04 de noviembre 2025 - 03:06

Una de las experiencias de mayor emoción, apertura y extrañeza que he vivido me pasó hace unos meses en Senso-ji, el antiquísimo y turístico templo budista de Tokio advocado a la diosa de la compasión. El camino desde la puerta Kaminarimon hasta el templo era un nido de mercachifles comparable a las calles de Lourdes. Allí, hordas de turistas se pertrechan con toda suerte de escapularios, exvotos, velas, palitos de adivinación y hojas de instrucciones para ejecutar la adoración. El templo era un estruendo: guiris a voces, selfis, palmadas del ashikubi, sonoras cajas de omikuji y demás ornamentos sagrados relegados por el uso a mera cacharrería. Ninguno de aquellos peregrinos fortuitos tenía más idea que yo de lo que hacía. Un poco más al fondo, separado del mundanal ruido por una tela metálica, un monje tocó un gran tambor, salieron unos oficiantes y comenzó una ceremonia, a la que atendían solo unos cuantos oriundos. De lo que allí se cantó y calló, se derramó en aguas lustrales, reverberó en cuencos y vertió en fragantes incensarios, ni idea. Lo presencié en un absoluto código desconocido. Tan solo reconozco las sensaciones que aquello me dejaba. A un lado de la tela metálica, el ruido del mundo que no cesaba, golpes de pecho, superchería. Al otro, sin alterarse por el vociferio externo, un ritual que me dejaba un rastro inequívoco (la neurociencia sabe bastante de tales efectos) en el cuerpo.

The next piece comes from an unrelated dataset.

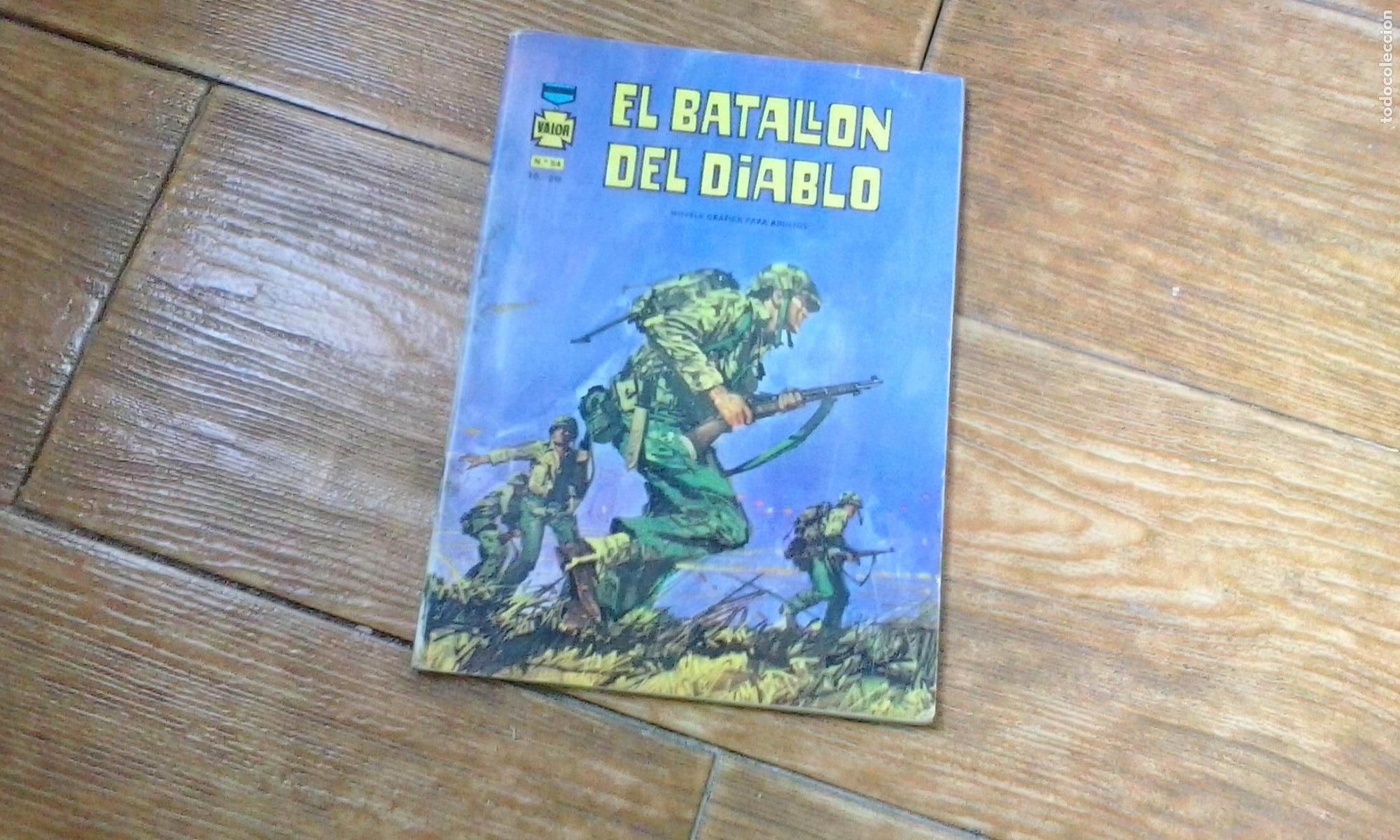 C&oacute;mics: VALOR N&ordm; 54 NOVELA GRAFICA SEMIC - Foto 1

Algo parecido está pasando aquí y ahora con el actual frenesí por el catolicismo de pasarela. A un lado, ante el caos, la incertidumbre y el removimiento casi milenarista, la potente simbología (de eficacia probada) de lo católico y su misticismo se tornan bisutería e incorporan como ingredientes a la batidora de esta delirante Noche Oscura. Del bum del cristianismo cultural salen desde un notas –esta vez del evangelicalismo– arrastrando una cruz con una ruedecita cirinea en los funerales del ultra Charlie Kirk, a ingenios nivel dios de la sociedad del espectáculo capaces de fagocitar hasta a “la joía mística”, que diría Maruja Mallo. El mundo que nos ha tocado vivir, que ni se inmuta con el asesinato de 65.000 almas en Palestina, se suscribe al glittering del arrobo y la transfixión instagrameable. Al otro lado, ajenos al ruido, siguen quienes se conmueven de corazón con lo humano y lo divino.